2020年7月30日木曜日

小さな出来事



「お昼ご飯は、、、あんまりいらないや。」


ダンナのこの一言に私は震え上がりました。

「いらないならいらないって、はっきり言ってよね!」

突き放すように反応する私。その日のお昼ご飯は用意しませんでした。


私はこの言葉が怖いのです。

普通は、それのどこが?と思われると思います。

私という個別の意識は、「私は拒絶された」と認識したのです。


人の反応は、その人が過去味わってきた経験から自動的に起こってきます。

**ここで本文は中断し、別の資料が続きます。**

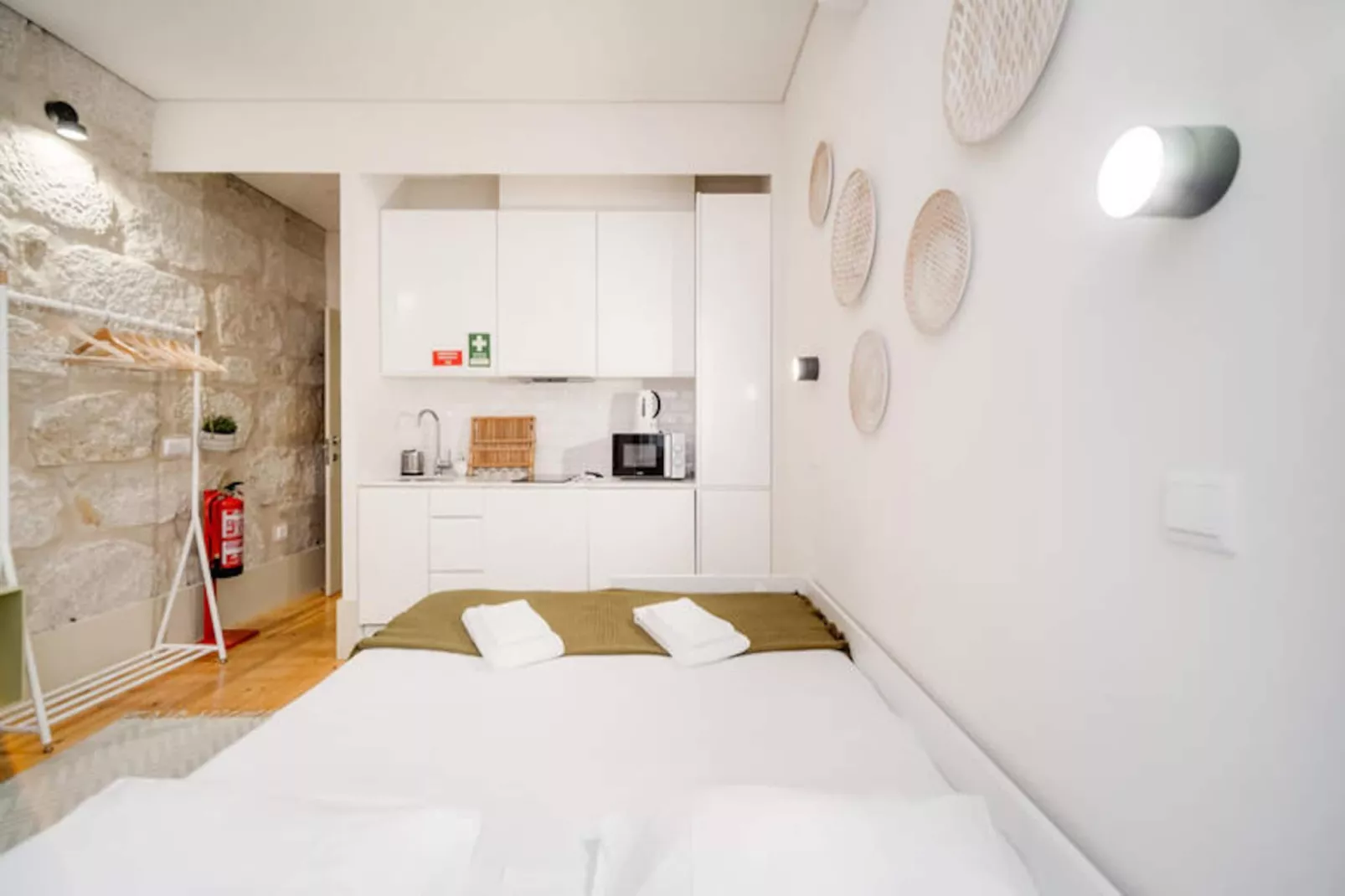 Studio à Porto-Niet-getagd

私の中にあるまだ癒されていないものが浮上し、それを光の下に差し出すためにそんな出来事が起こりました。


自分に対して起こる出来事は、すべて自分への気づきと、方向転換を誘ってきます。

「これはどう思う?

今までどう感じてきた?

それを今方向転換する気はある?」と。


自分がどういうことに、どう反応しているのかをはっきりと見ることは、正直言ってとてもきついものです。それでもそれを真正面から見ることによって、それが消えていくことを経験上知っています。今日はこれがきたのだなと、覚悟を決めます。




拒絶されること。私はこれが怖いのです。

過去のいじめられた経験と、家での厳しいしつけの記憶が浮上してくるからです。

私は自分のアイデンティティを汚いもの、劣っているもの、そして何気なく行為することさえも否定され殴られる存在。およそここにいてはいけない存在として自分への観念を作ってきました。


そういうわけで、自分がする行為、例えば食事を作ることにさえ恐れるのです。美味しくなかったらどうしよう、拒絶されたらどうしようと。当然、絵の制作にもその影響は大きくありました。


食事を作ることは、自分自身を裁判にかけることであり、有罪か無罪かが判定されます。拒絶されることは、有罪判決を受け取ることであり、それはまた自分の存在をも拒絶されているのだと、心底信じている私がいました。一緒に住んでいる人はたまったものではありません。自分の体の調子を正直に言っただけなのに、これほどの反応をされるとは。




「これを今方向転換する気はある?」

今までの考え方のままでいれば、今まで通りの反応しかできない。それとは真反対の考えを採用する気はあるか?と自分に問うのです。



私たちの思考は、ほとんど自我の思考体系の中にいます。

自我とは分離的な考え。自分と他人、善悪、二分された前提でものを捉えて考えます。


一方、自我とは違う思考の仕方があります。それがコースでいう、聖霊の思考体系。

自我は人間を互いに分離する方向に向かわせますが、聖霊のそれは、ひとつに向かわせます。互いが違うものとして分けていくのではなく、互いが同じものだということを思い出していくのです。

私がダンナに拒絶されたと思っているということは、自分と他人というはっきりとした分離があります。

その分離は、分離的な考えでは一つにはなれません。分離はどこまで行っても、分離のままです。


方向転換するとは、その自我の思考体系から、聖霊の思考体系へと転換させていくことなのです。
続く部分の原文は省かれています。